Jeff Segal, MD, JD, FACS

Utah’s highest court ruled that family members can sue a doctor if something goes wrong with their loved one’s care. Doctors, of course, owe a duty of care to their patients. But, if their care affects non-patients…well, that is mostly new territory.

Dr. Hugo Rodier, a primary care doctor, prescribed antidepressants (and other medications with potential psychiatric effects – such as steroids) to his patient, David Ragsdale.
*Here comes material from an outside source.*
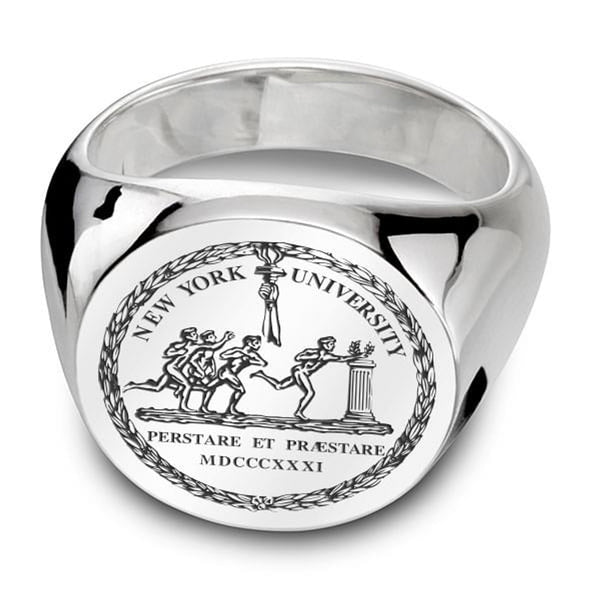 NYU Sterling Silver Round Signet Ring Shot #1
Ragsdale’s wife, Kristy had requested a restraining order against him. Unfortunately, the restraining order was not effective – Ragsdale gunned down his wife. Ragsdale pled guilty to first degree felony murder and is serving a 20 years to life prison term. He supposedly took full responsibility for his actions. One caveat. He said he would not have murdered his wife had he not been on the medications.

Ragsdale’s children (via a conservator) filed a medical malpractice lawsuit. A lower court dismissed the suit noting the plaintiffs were not the doctor’s patients.

Utah’s Supreme Court overruled.

“Healthcare providers perform a societal function of undoubted social utility. But they are not entitled to an elevated status in tort law that would categorically immunize them from liability when their negligent prescriptions cause physical injury to nonpatients,” Justice Thomas Lee wrote in the high court’s unanimous opinion. “We uphold a duty of healthcare providers to nonpatients in the affirmative act of prescribing medication.”

So, there you have it. The list of potential plaintiffs is long.